Bad faith in the working class
Updated: Feb 23, 2021
By D. Hunter
Bad Faith in the Working Class
The responses to Deflecting Privilege: Class Identity and the Intergenerational Self by Sam Friedman, David O'Brien and Ian McDonald, along with its companion piece Why do so many professional, middle-class Brits insist they're working class? by Sam Friedman, has been an amusing distraction for me. In sociology Twitter-land, I've primarily seen one gang chin-stroking and calling it interesting, and another yelling ‘It happens here too ya bastards!’ In the corners of social media where the organised left congregate, there have been quiet murmurings of ‘Fucking middle-class twats’, but mostly the response is ‘THERE ARE TWO CLASSES, YOU'RE DIVIDING THE WORKING CLASS!’ The only other social media world I look at is football analytics, where neither piece of writing has really been noted.
My own take on the articles is that they’re fine, part of a strain of sociological research which explains what is patently obvious to those of us born into what for now I'll call ‘economically marginalised communities’. Many of us have never entered into the elite spaces covered in the research, but have experienced a plethora of deflecting tactics by individual denizens of those spaces. For those of you who haven't read the article, the major takeaway is that many people in elite occupations and from backgrounds which include private schools, ponies, skiing holidays, high-wage-earning parents—and all the other general trappings of what the authors call ‘economically privileged’—emphasise their working-class identity. They legitimise this identification by talking about their parents or their grandparents' childhoods. According to the articles, this identification enables them to understand their current social position as one they've earned on their own merit. As the authors put it:
‘We would therefore argue that these intergenerational understandings of class origin should also be read as having a performative dimension; as deflecting attention away from the structural privilege these individuals enjoy, both in their own eyes but also among those they communicate their “origin story” to in everyday life. At the same time, by framing their life as an upward struggle “against the odds”, these interviewees misrepresent their subsequent life outcomes as more worthy, more deserving and more meritorious.’
As I mentioned before, this is fucking obvious, but I appreciate the research because I can now quote an academic paper when I point out this behaviour when it happens in front of me. I am also on the fringes of academia now, so I'm probably going to get a chance to see more and more of this behaviour, and being able to cite some work is going to be useful. It is however just one in a large bag of tricks that the economically privileged use on a daily basis against those from economically-marginalised communities.

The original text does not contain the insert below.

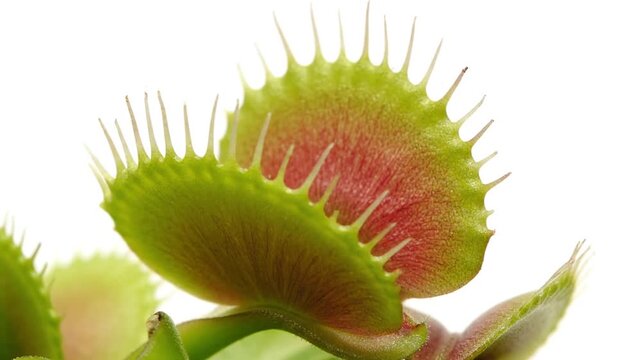 ハエトリグサ接写：鮮やかな緑と質感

There are plenty of these little tricks, some of them coated in a veneer of neutrality, appropriateness, civility, morality, and taste. Simply put, they are framed as the right way to be human, and the punitive measures applied for stepping outside of this right way are presented as fair and just. They range from exclusion from social circles due to expressing the wrong kind of emotions, to the social exclusion of imprisonment due to the wrong kind of economic activity. One of the tricks that's often performed within the political left is the cry of ‘THERE ARE TWO CLASSES, YOU'RE DIVIDING THE WORKING CLASS!’
Now before you get grumpy, not everyone who says this is deploying a trick, as there is a helpful and strong argument in favour of this two-class analysis. It highlights the fact that there is a specific group of people on global and national levels who benefit the most from the economic, political, and social order of things. The owning-class-vs.-working-class class analysis also means we have a lot more people on our team. It can, more than any other analysis, be objectively measured and easily explained. For those of us in this for the political organising, this analysis has many merits. However, not all those who insist on yelling ‘THERE ARE TWO CLASSES, YOU'RE DIVIDING THE WORKING CLASS!’ whenever any debate around class arises, are doing so in good faith—and those that are acting in good faith are facilitating those who aren't. Even under a two-class analysis there are massive material differences between those in its conception of the working class, and I'd argue these material differences can lead to very different interests.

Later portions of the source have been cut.